Carbon Capture, Utilisation, and Storage (CCUS) is important to ensure sustainable development and growth in India, especially for the production of clean energy and products. A study report has been released by NITI Aayog named Carbon Capture, Utilisation, and Storage Policy Framework and its Deployment Mechanism in India. The report explores the importance of CCUS as an emission reduction strategy to achieve deep decarbonisation. The report outlines broad-level policy interventions needed across various sectors for its application.
India has updated its nationally determined contribution (NDC) targets for achieving 50 per cent of its total installed capacity from non-fossil-based energy sources, 45 per cent reduction in emission intensity by 2030, and achieving net zero by 2070. The role of CCUS becomes important as a reduction strategy to achieve these goals.
CCUS can provide a wide variety of opportunities to convert the captured carbon dioxide (CO2) to different value-added products like green urea, food and beverage form application, building materials, chemicals, polymers, and enhanced oil recovery with wide market opportunities in India. This will further contribute substantially to creating a circular economy.
The report indicates that
- CCUS is required for the decarbonisation of both industrial applications and the power sector.

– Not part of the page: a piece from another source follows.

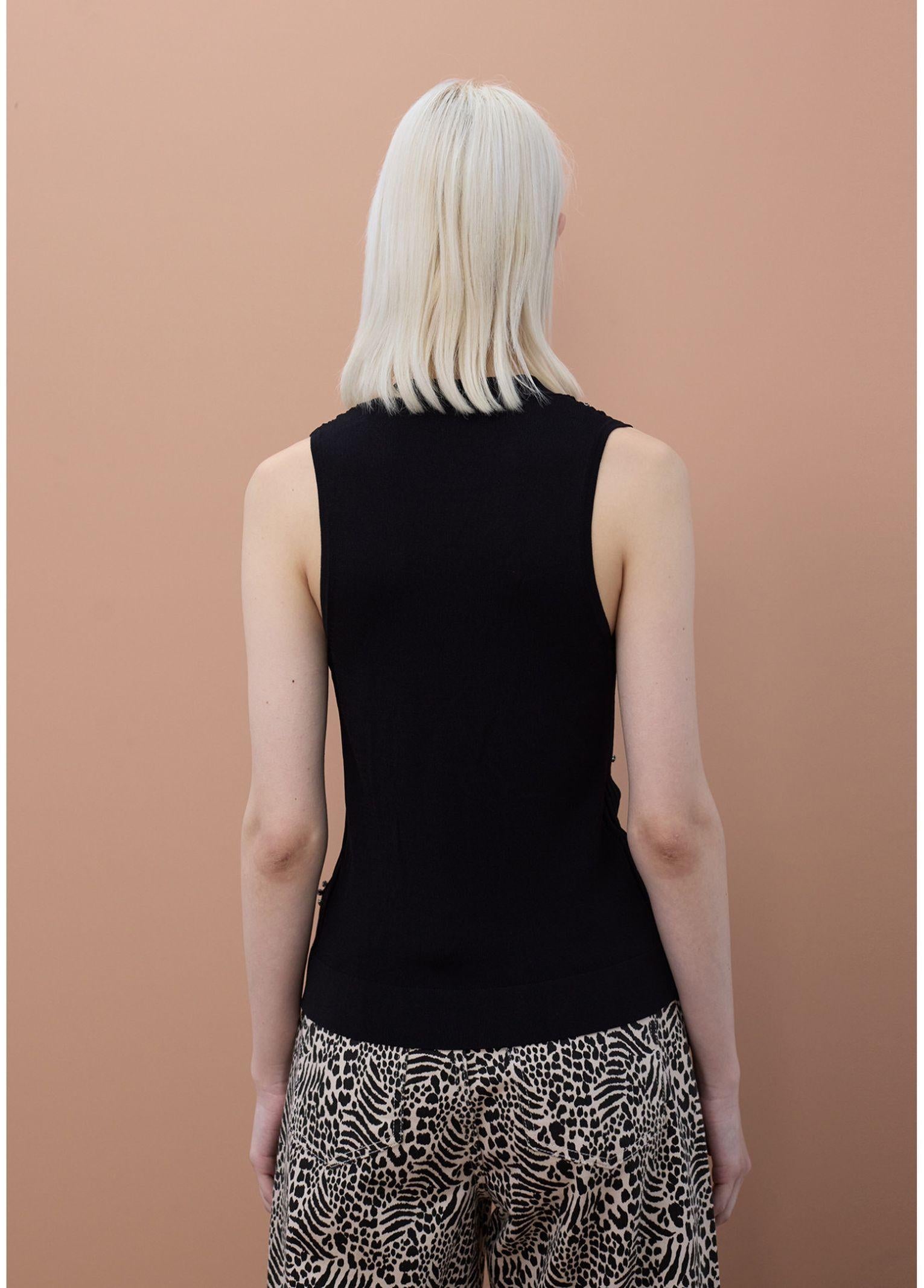 Top con bottoni gioiello - Maite MS2615063 00N MAITE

- CCUS can contribute to decarbonisation and transition to clean energy systems in various ways. These include ensuring the sustenance of existing emitters, decarbonising hard-to-abate sectors, promoting the low-carbon hydrogen economy, and removal of the CO2 stock from the atmosphere.
- The mature and commercially proven CO2 capture technologies are classified into chemical solvent-based CO2 capture technologies, physical solvent-based CO2 capture technologies, adsorption-based CO2 capture, and cryogenic CO2 capture.
- The key to a successful CCUS implementation in India is to enact a policy framework that supports the creation of sustainable and viable markets for CCUS projects. The private sector is unlikely to invest in CCUS unless there are sufficient incentives or unless it can benefit from the sale of CO2 or gain credits for emissions avoided under carbon pricing regimes.
- Based on the review of the prevailing policy mechanisms in different parts of the world, there are two clear policy choices/approaches for India to adopt, i.e. either carbon credits/incentives-based policy or carbon tax-based policy.
- To support CCUS in India, it is important to fund and support demonstration scale projects. The financing of CCUS projects at scale can be considered through clean energy cess only, or through bond and gross budgetary support.
- Promoting CCUS adoption and implementation in India requires a multi-pronged approach to incentivise technology transfer of commercially proven CCUS technologies; promoting R&D in novel technologies, particularly in the area of CO2 utilisation; and encouraging private sector participation in implementing CCUS demo projects.